I installed an automatic hedge watering system to reduce the time needed for watering in summer and to support the growth of the hedge in the best possible way.
This included tried and tested components such as Hunter solenoid valves and Rain Bird fittings, controlled by my Hunter X-Core irrigation computer, which enabled precise and on-demand water delivery.
The western part of my hedge developed splendidly due to the full sunlight and unhindered access to rainwater. Here I watered the thuja twice a week, using about 10-15 liters of water per plant to deeply moisten the soil.

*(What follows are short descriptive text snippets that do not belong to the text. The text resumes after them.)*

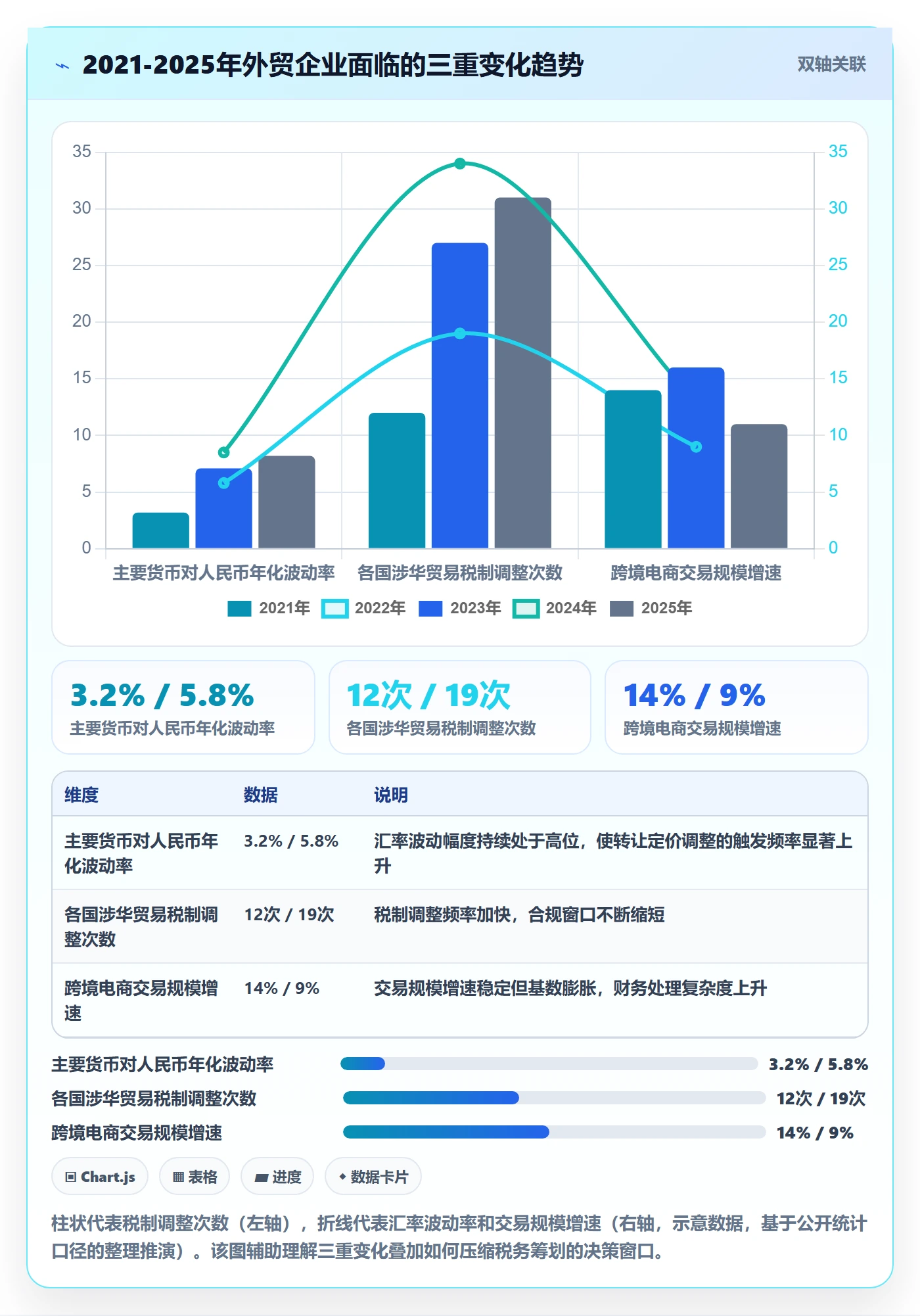 外贸数据分析平台业务拆解：市场趋势为什么影响税务筹划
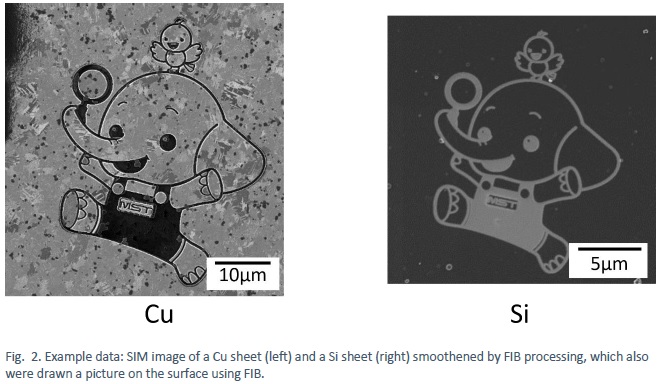 Example data: SIM image of a Cu sheet (left) and a Si sheet (right) smoothened by FIB processing, which also were drawn a picture on the surface using FIB.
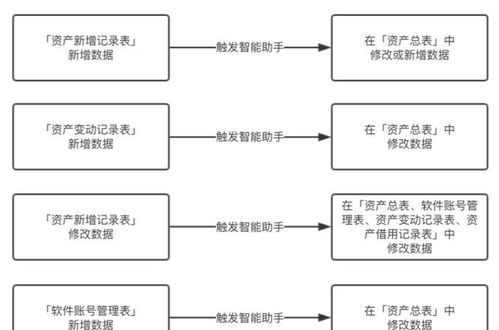 降本增效四步走 數(shù)據(jù)驅(qū)動(dòng)的企業(yè)優(yōu)化策略與行業(yè)年報(bào)洞察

The eastern part of the hedge, on the other hand, suffered from a lack of light and water due to the cover of large trees, which impaired growth. There I reduced the watering to once a week to do justice to the lower evaporation.
To ensure efficient water distribution, I decided to use a bead hose, which allowed water to be distributed evenly and precisely directly to the plants.
I divided a 50-meter-long beaded hose into two 25-meter-long pieces, each of which was routed separately from the middle of the hedge to the ends.
I made sure that the water pressure was between 0.5 and 1.0 bar to prevent damage to the hose and to ensure an even flow of water.
In the future, I plan to replace the bead hose with a Rain Bird XFS drip tube, which, with its copper barrier technology against root ingrowth and its precise drip technology, offers an even more efficient and reliable watering solution, despite the higher cost.
This could be particularly useful for improving the efficiency and sustainability of hedge irrigation.